Ponorogo, 6 Agustus 2026 — Dosen Program Studi Magister Bimbingan dan Konseling Sekolah Pascasarjana Universitas PGRI Madiun (UNIPMA) melaksanakan kegiatan Pengabdian kepada Masyarakat (Abdimas) di MTs Darul Huda Ponorogo, Kamis (6/8/2026). Kegiatan ini dilaksanakan oleh Dr. Asroful Kadafi, M.Pd. dengan mengusung tema “Penguatan Soft Skill Guru dalam Membangun Koneksi dan Meningkatkan Efektivitas Pembelajaran bagi Peserta Didik Generasi Z dan Generasi Alpha”.
Kegiatan Abdimas ini menjadi salah satu bentuk kontribusi nyata perguruan tinggi dalam mendukung peningkatan kompetensi dan profesionalisme guru, khususnya dalam menghadapi dinamika karakteristik peserta didik pada era digital. Perkembangan Generasi Z dan Generasi Alpha menghadirkan tantangan sekaligus peluang bagi guru untuk mengembangkan pendekatan pembelajaran yang lebih adaptif, komunikatif, dan relevan dengan kebutuhan peserta didik.
Dalam kegiatan tersebut, Dr. Asroful Kadafi, M.Pd. memberikan penguatan kepada para guru mengenai pentingnya soft skill dalam membangun hubungan yang positif dengan peserta didik. Kemampuan komunikasi, empati, kolaborasi, kemampuan beradaptasi, pengelolaan emosi, serta keterampilan membangun koneksi menjadi bagian penting yang perlu dimiliki guru agar proses pembelajaran dapat berlangsung secara efektif dan bermakna.
Guru tidak hanya dituntut memiliki kompetensi pedagogik dan penguasaan materi pembelajaran, tetapi juga perlu mampu memahami karakteristik generasi yang tumbuh dalam lingkungan teknologi dan informasi yang sangat cepat. Generasi Z dan Generasi Alpha memiliki pola interaksi, cara memperoleh informasi, serta preferensi belajar yang berbeda dibandingkan generasi sebelumnya. Kondisi tersebut menuntut guru untuk terus beradaptasi dan membangun pola komunikasi yang mampu menciptakan kedekatan sekaligus menjaga profesionalitas dalam proses pendidikan. Melalui kegiatan ini, para guru MTs Darul Huda Ponorogo diajak untuk merefleksikan kembali peran guru sebagai pendidik, fasilitator, sekaligus figur yang mampu membangun koneksi dengan peserta didik. Koneksi yang positif antara guru dan peserta didik diharapkan dapat menciptakan suasana belajar yang lebih aman, nyaman, terbuka, dan mendorong peserta didik untuk terlibat aktif dalam pembelajaran.

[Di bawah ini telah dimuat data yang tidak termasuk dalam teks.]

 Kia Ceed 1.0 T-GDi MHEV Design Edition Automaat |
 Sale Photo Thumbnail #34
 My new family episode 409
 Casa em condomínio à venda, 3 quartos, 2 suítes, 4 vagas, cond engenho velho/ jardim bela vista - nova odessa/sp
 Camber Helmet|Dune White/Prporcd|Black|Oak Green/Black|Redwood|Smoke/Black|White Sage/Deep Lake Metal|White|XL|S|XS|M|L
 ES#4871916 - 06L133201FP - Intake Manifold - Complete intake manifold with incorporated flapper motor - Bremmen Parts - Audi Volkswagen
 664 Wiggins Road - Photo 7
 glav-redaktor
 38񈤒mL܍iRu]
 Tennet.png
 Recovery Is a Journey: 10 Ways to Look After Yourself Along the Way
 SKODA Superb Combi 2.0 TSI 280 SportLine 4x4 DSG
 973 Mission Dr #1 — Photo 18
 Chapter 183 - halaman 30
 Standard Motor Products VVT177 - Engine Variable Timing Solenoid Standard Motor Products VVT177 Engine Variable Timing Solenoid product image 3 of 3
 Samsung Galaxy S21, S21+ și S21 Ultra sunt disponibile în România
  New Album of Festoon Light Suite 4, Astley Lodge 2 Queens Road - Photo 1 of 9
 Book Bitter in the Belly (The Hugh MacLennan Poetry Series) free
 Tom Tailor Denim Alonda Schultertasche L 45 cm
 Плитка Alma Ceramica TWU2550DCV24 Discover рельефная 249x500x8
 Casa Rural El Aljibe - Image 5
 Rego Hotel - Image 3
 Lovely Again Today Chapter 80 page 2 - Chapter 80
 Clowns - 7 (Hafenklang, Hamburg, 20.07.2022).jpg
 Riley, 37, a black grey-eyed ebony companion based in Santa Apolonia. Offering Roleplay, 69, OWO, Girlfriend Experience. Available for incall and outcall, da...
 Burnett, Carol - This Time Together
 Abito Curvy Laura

Dr. Asroful Kadafi, M.Pd. juga menekankan bahwa penguatan soft skill bukan sekadar kemampuan tambahan bagi seorang guru, melainkan bagian penting dari kompetensi yang mendukung keberhasilan proses pendidikan. Guru yang mampu berkomunikasi secara efektif, memahami kebutuhan peserta didik, serta menunjukkan empati dan fleksibilitas akan lebih mudah menciptakan pembelajaran yang sesuai dengan karakteristik Generasi Z dan Generasi Alpha.
Kegiatan Abdimas berlangsung dengan suasana interaktif melalui pemaparan materi, diskusi, refleksi, dan penguatan praktik yang dapat diterapkan guru dalam kegiatan pembelajaran sehari-hari. Para peserta mendapatkan ruang untuk berbagi pengalaman dan mendiskusikan berbagai tantangan yang dihadapi dalam membangun komunikasi serta keterhubungan dengan peserta didik. Pelaksanaan Abdimas di MTs Darul Huda Ponorogo diharapkan dapat memberikan manfaat berkelanjutan bagi peningkatan kualitas pembelajaran dan layanan pendidikan di sekolah. Selain itu, kegiatan ini menjadi wujud komitmen Program Studi Magister Bimbingan dan Konseling Sekolah Pascasarjana Universitas PGRI Madiun dalam mengimplementasikan tridarma perguruan tinggi melalui kegiatan yang relevan dengan kebutuhan masyarakat dan dunia pendidikan.
Dengan penguatan soft skill guru, diharapkan tercipta ekosistem pembelajaran yang semakin adaptif terhadap perkembangan zaman, sekaligus mampu menjawab kebutuhan peserta didik Generasi Z dan Generasi Alpha secara lebih humanis, efektif, dan bermakna.